[Image-caption web data]
====
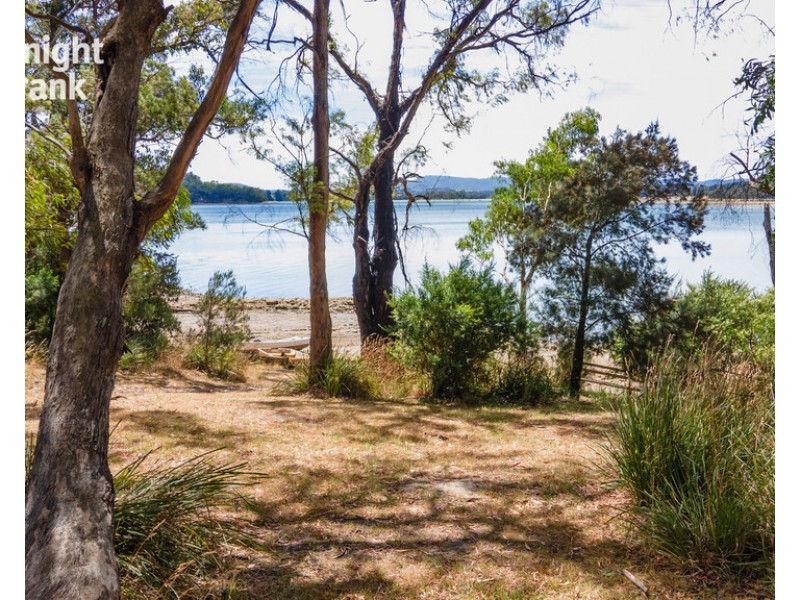 76 Clarence Point Road, Clarence Point TAS 7270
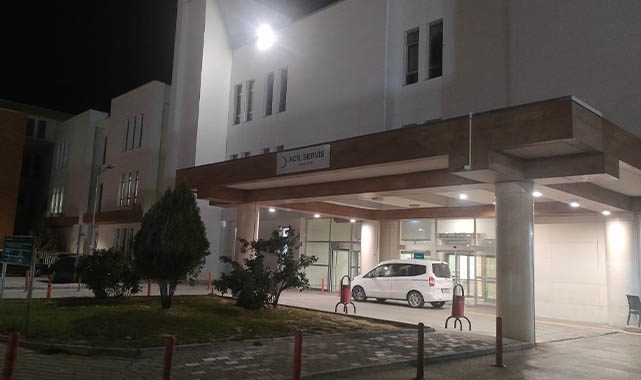 Otomobiller Kavşakta Çarpıştı, 3 Kişi Yaralandı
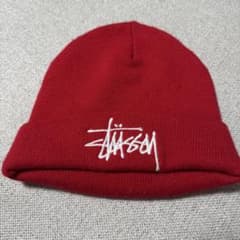 Stüssy 赤 ニット帽のサムネイル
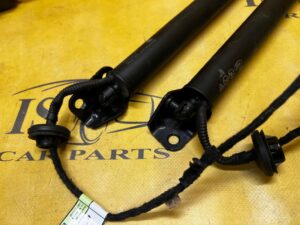 KOMPLET SIŁOWNIKI ELEKTRYCZNE KLAPY TYŁ BAGAŻNIKA FORD KUGA MK3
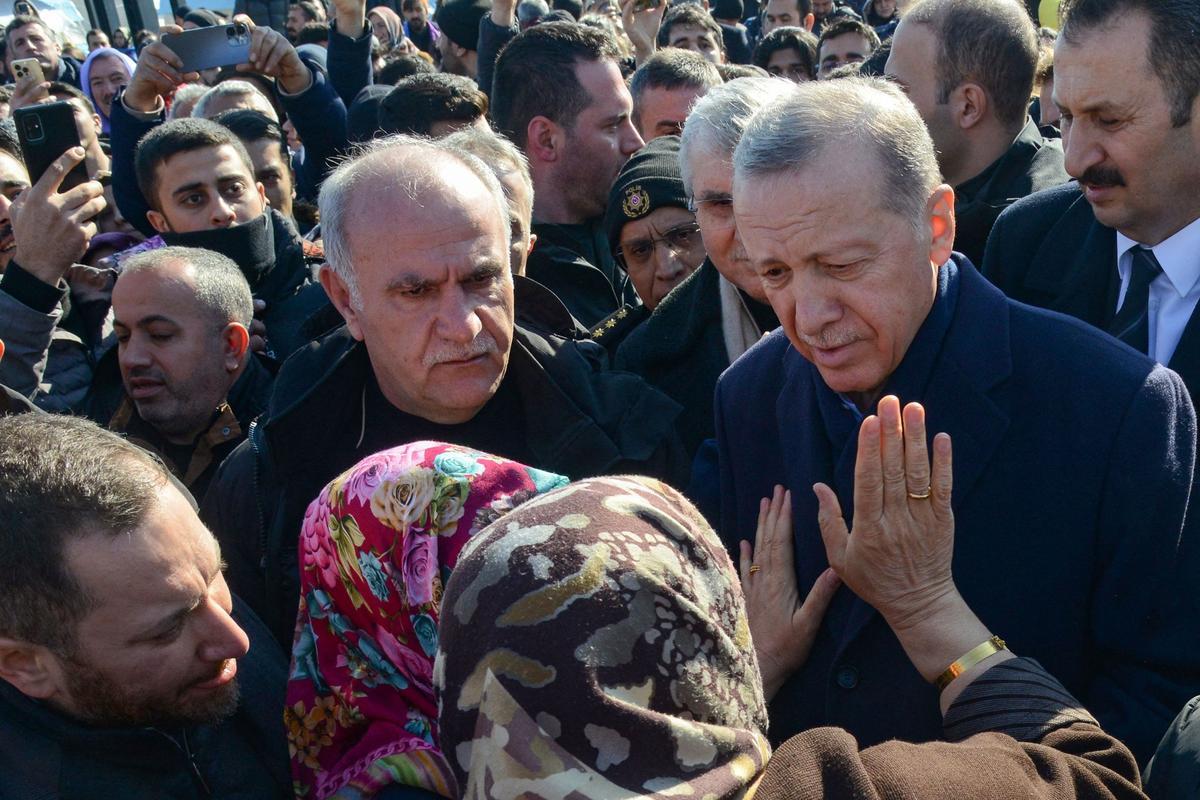 El terratrèmol a Turquia sacseja un Erdogan en precampanya electoral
====
● What this task involves
Exactly as they stand, set down all of the entries above, minus every picture.

● Output of the exercise
 76 Clarence Point Road, Clarence Point TAS 7270
 Otomobiller Kavşakta Çarpıştı, 3 Kişi Yaralandı
 Stüssy 赤 ニット帽のサムネイル
 KOMPLET SIŁOWNIKI ELEKTRYCZNE KLAPY TYŁ BAGAŻNIKA FORD KUGA MK3
 El terratrèmol a Turquia sacseja un Erdogan en precampanya electoral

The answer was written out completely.